Your objective –
Write every line of the material again exactly, with no pictures in the copy.

Source material –

BEGIN

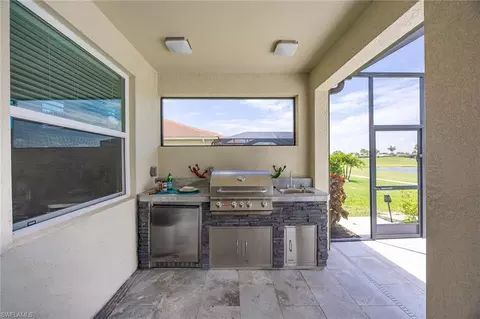 Kitchen - 18699 Ensenada Dr, Naples, FL 34114 photo 6 of 6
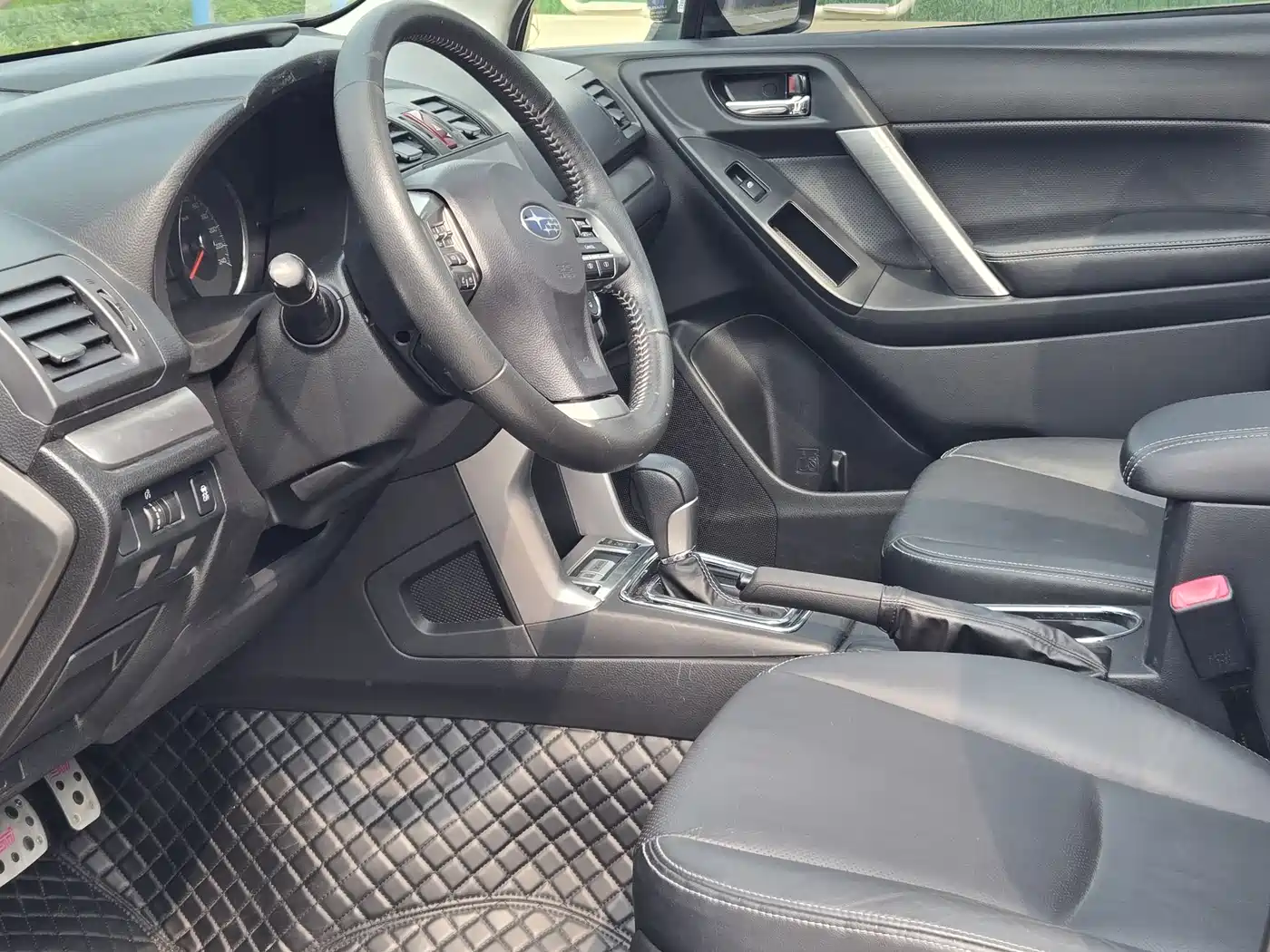 Subaru Forester 2013 2.5i Automatic Luxury Edition фото 13
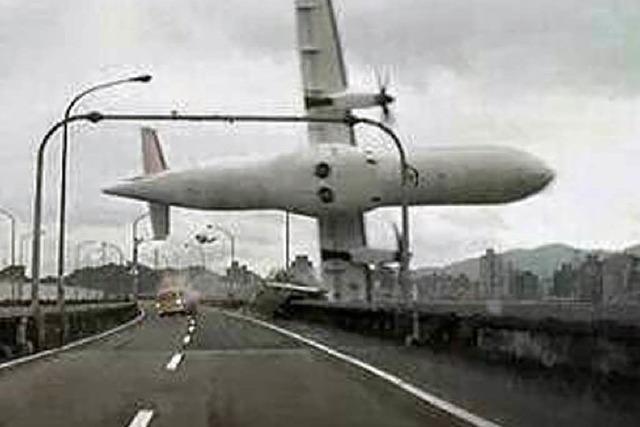 Flugzeug strzt in Fluss in Taipeh – Mehrere Tote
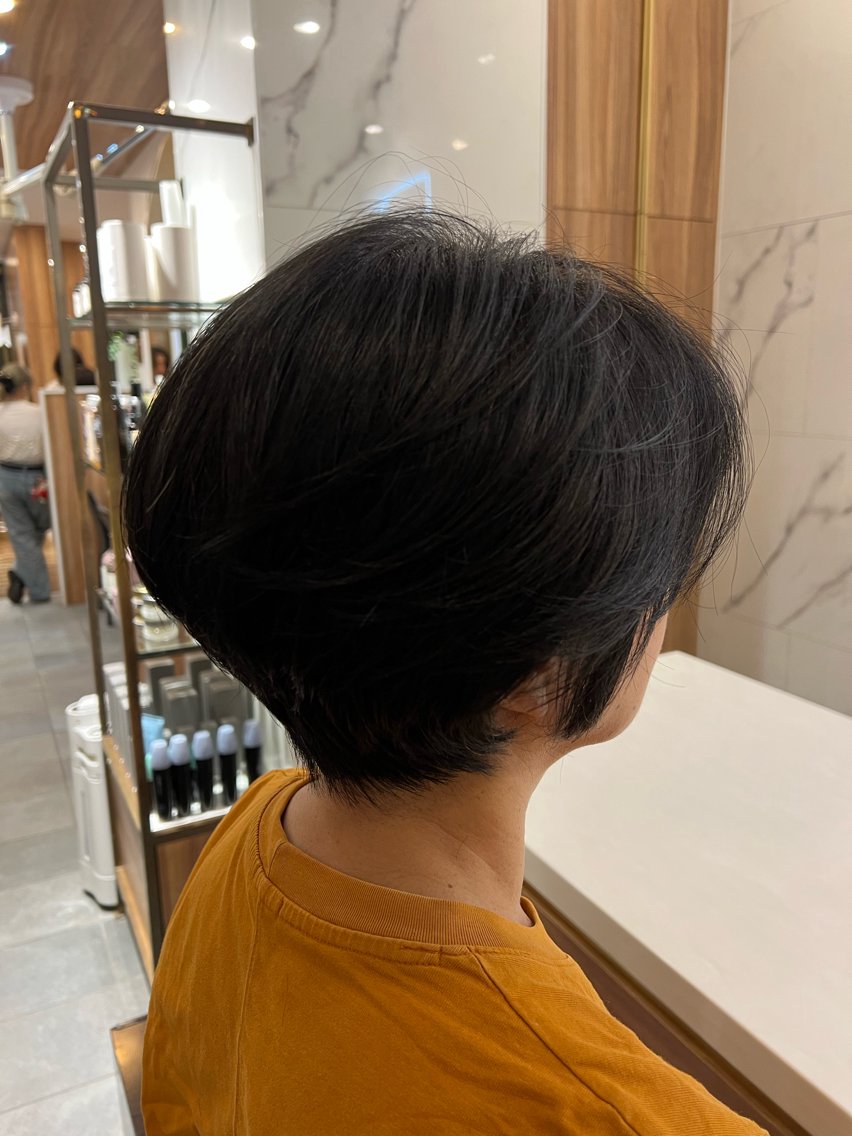 ショート 村中 逸紀のヘアスタイル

END

Task result –
 Kitchen - 18699 Ensenada Dr, Naples, FL 34114 photo 6 of 6
 Subaru Forester 2013 2.5i Automatic Luxury Edition фото 13
 Flugzeug strzt in Fluss in Taipeh – Mehrere Tote
 ショート 村中 逸紀のヘアスタイル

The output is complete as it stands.